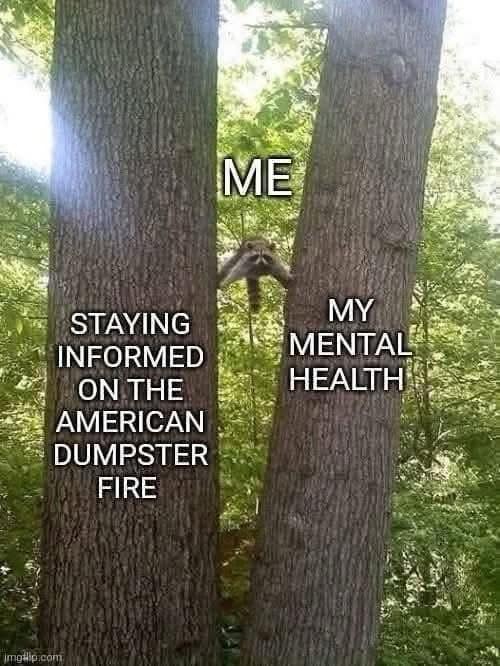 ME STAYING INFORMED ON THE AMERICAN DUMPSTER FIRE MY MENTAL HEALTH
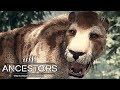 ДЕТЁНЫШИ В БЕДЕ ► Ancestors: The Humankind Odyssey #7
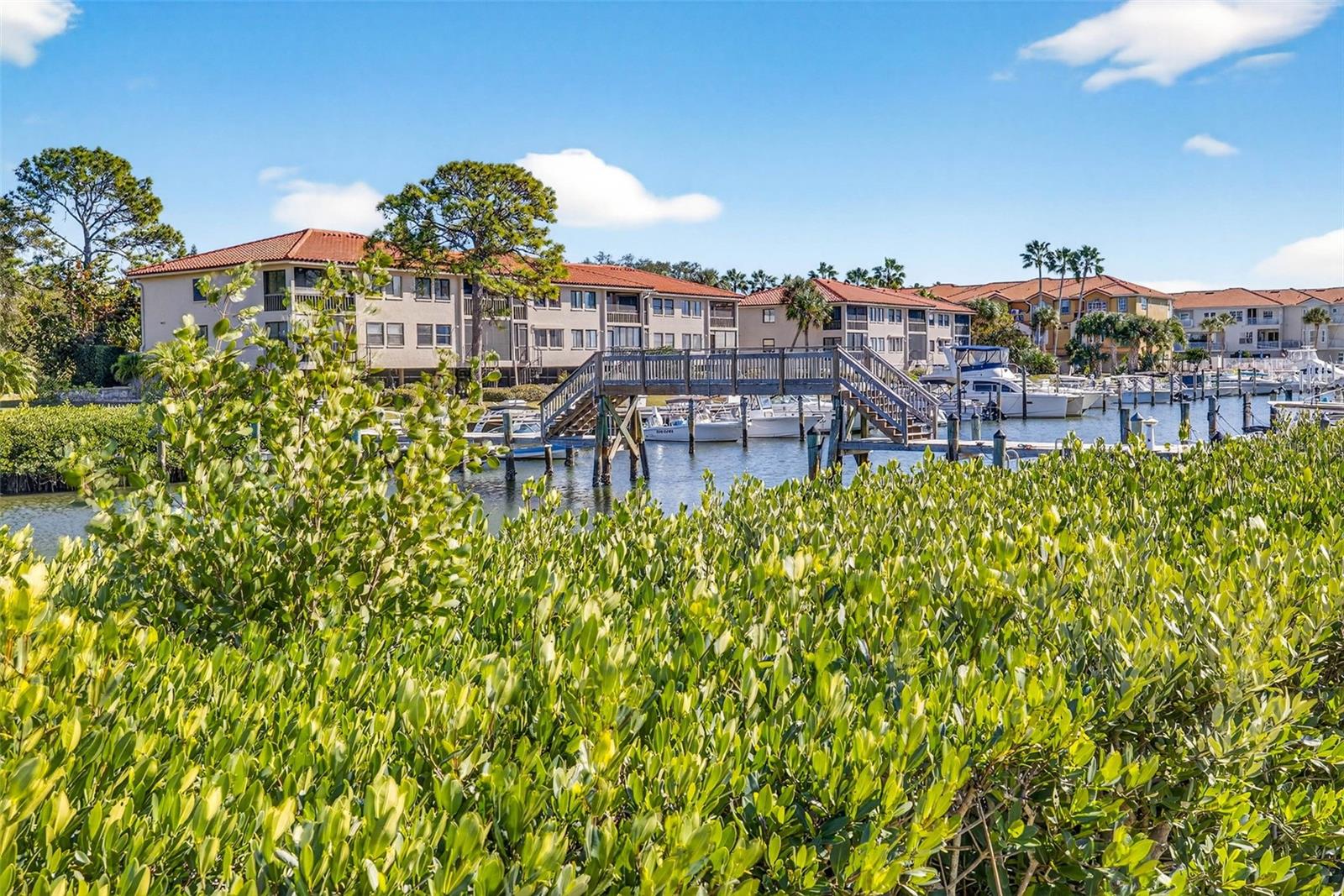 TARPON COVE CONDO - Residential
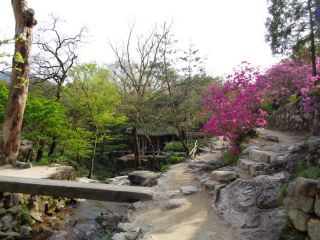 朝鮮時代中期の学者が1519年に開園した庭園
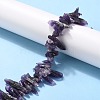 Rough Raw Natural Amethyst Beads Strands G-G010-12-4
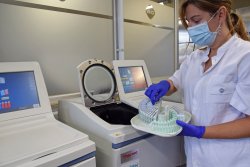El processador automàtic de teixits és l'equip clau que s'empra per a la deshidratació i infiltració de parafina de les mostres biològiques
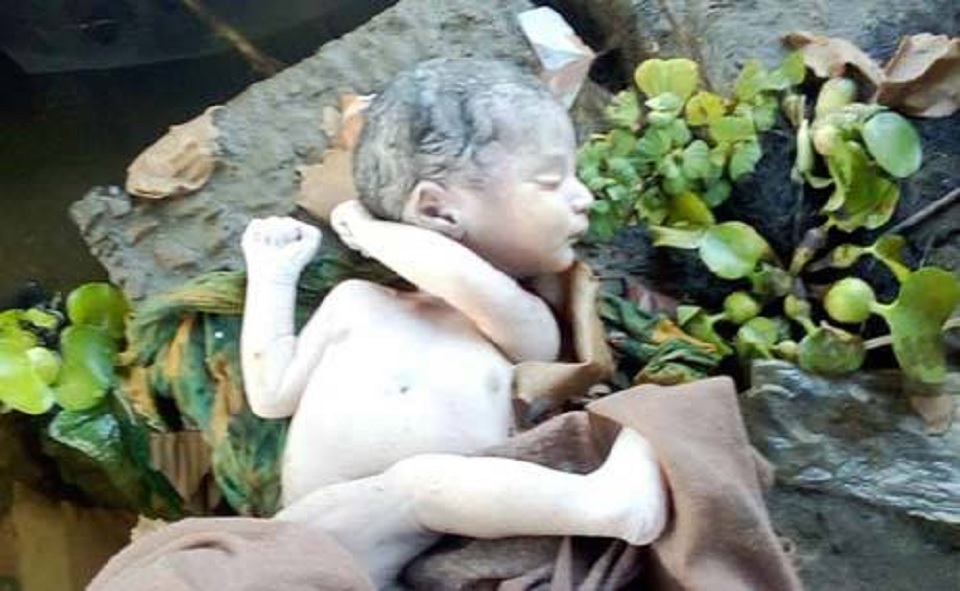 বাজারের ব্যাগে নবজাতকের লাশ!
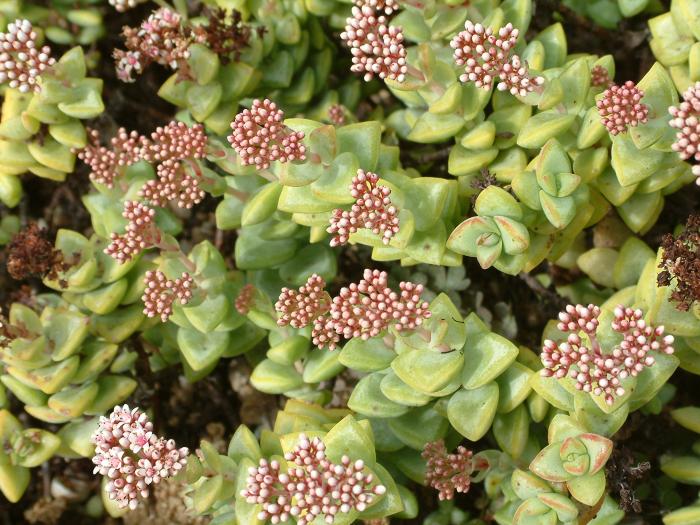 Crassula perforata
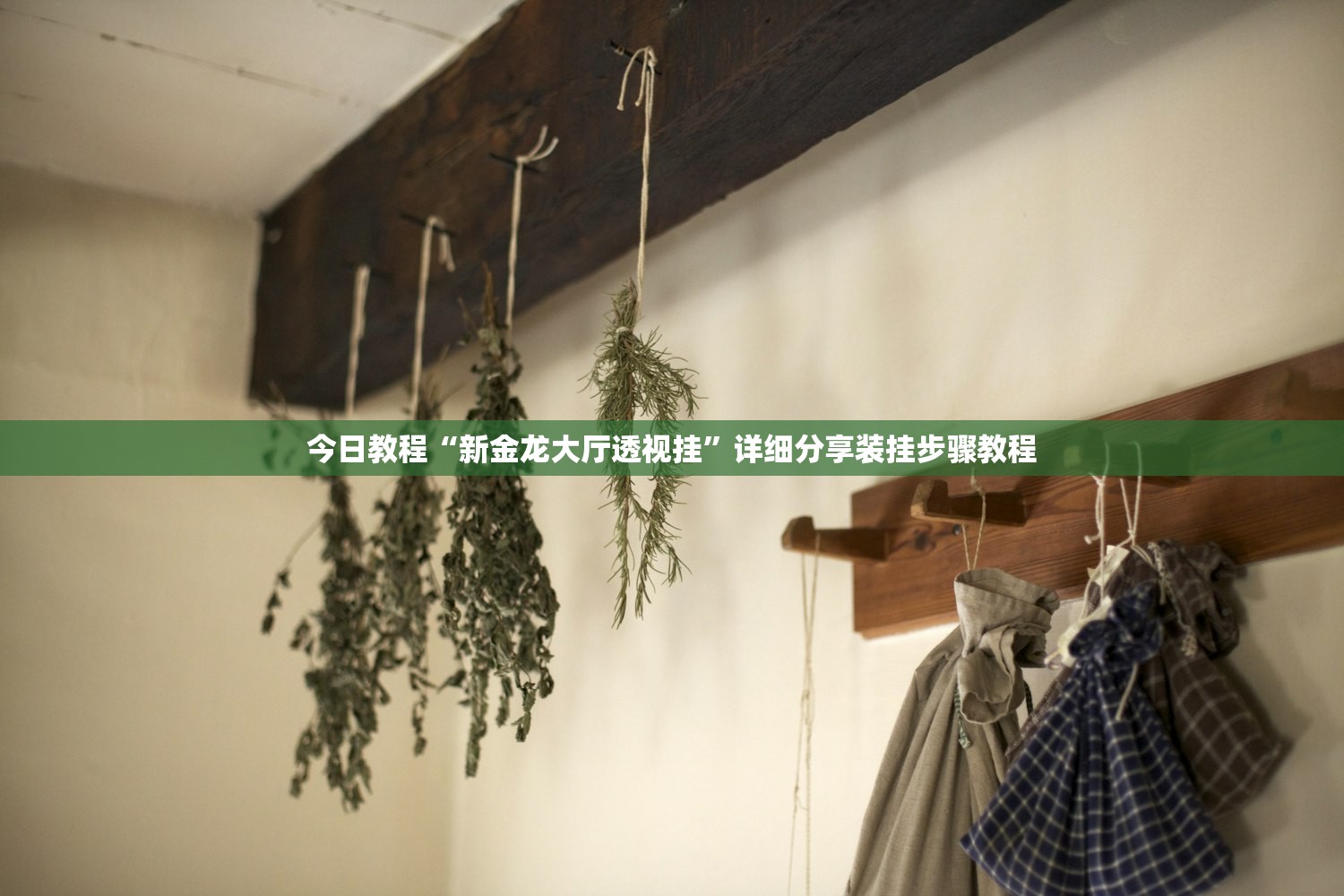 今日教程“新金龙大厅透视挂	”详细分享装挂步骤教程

WHAT YOU HAVE TO DO | Everything in the entries except the images must be copied exactly.

EXERCISE OUTPUT |
 ME STAYING INFORMED ON THE AMERICAN DUMPSTER FIRE MY MENTAL HEALTH
 ДЕТЁНЫШИ В БЕДЕ ► Ancestors: The Humankind Odyssey #7
 TARPON COVE CONDO - Residential
 朝鮮時代中期の学者が1519年に開園した庭園
 Rough Raw Natural Amethyst Beads Strands G-G010-12-4
El processador automàtic de teixits és l'equip clau que s'empra per a la deshidratació i infiltració de parafina de les mostres biològiques
 বাজারের ব্যাগে নবজাতকের লাশ!
 Crassula perforata
 今日教程“新金龙大厅透视挂	”详细分享装挂步骤教程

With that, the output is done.